These Whole Wheat Chocolate Banana Muffins are packed full of nutrition and flavor. Feel good about feeding your family these for a quick breakfast!
- 1 1/2 cups whole wheat flour (I prefer white whole wheat)
- 1/4 cup ground flaxseed (or sub almond meal or wheat germ) Why eat flaxseed?
- 1/4 cup cocoa powder
- 1/3 cup organic unrefined sugar (also called sucanat)
- 1 teaspoon baking soda
- 1/2 teaspoon salt
- 1/2 teaspoon ground cinnamon
- 1 cup smashed ripe bananas
- 1/2 cup pureed pumpkin or pureed sweet potato
- 1/3 cup plain yogurt
- 2 large eggs
- 1 teaspoon vanilla
- 1/3 cup honey
- 5 tablespoons coconut oil, melted (or butter)
- Preheat oven to 350°.
- In a large bowl, whisk together the first 7 ingredients (flour through ground cinnamon).

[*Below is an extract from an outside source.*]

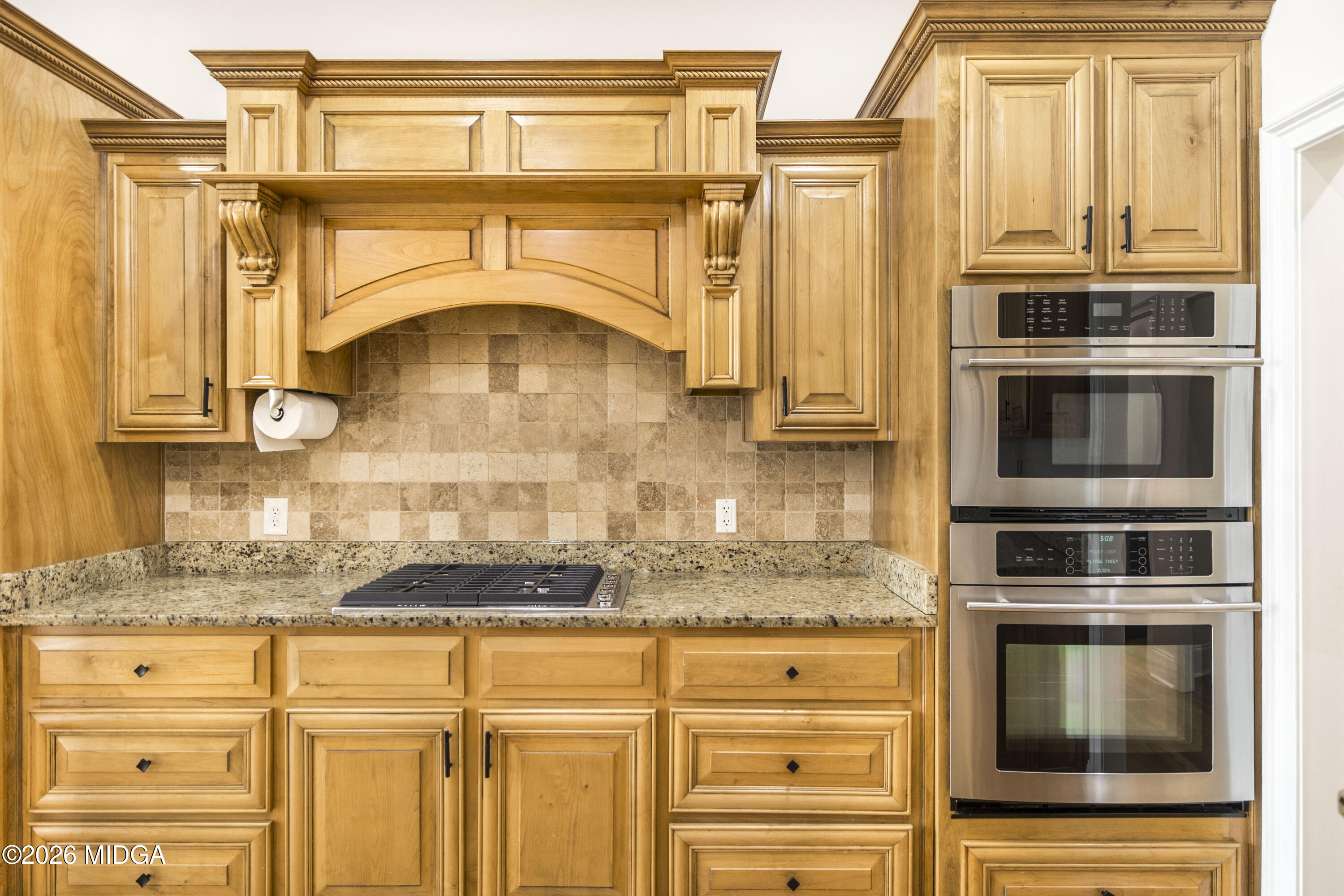 720 Latrobe Way Macon, GA 31220 - Photo 20 of 52 a kitchen with stainless steel appliances granite countertop a stove and a microwave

- In another medium-sized bowl, whisk together the next 7 ingredients (bananas through melted coconut oil) until combined.

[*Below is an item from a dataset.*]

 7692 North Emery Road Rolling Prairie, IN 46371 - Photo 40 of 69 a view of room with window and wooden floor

- Add wet mixture to dry ingredients; stir or whisk just until mixed. Do not over mix.
- Pour batter into greased muffin tins.
- Bake at 350° for about 15 minutes until a wooden pick comes out clean.
- Remove from oven and cool muffins on wire rack.
Freezer Meal Instructions:
Bake muffins as stated in directions. Place muffins on cookie sheet lined with waxed (or parchment) paper. Flash freeze the muffins long enough to harden them up. Once frozen, transfer them to freezer safe bag or container. Store up to 3 months.
Take muffins out and let them thaw at room temperature or in the refrigerator. You can also stick them in the microwave for a brief time to warm them up.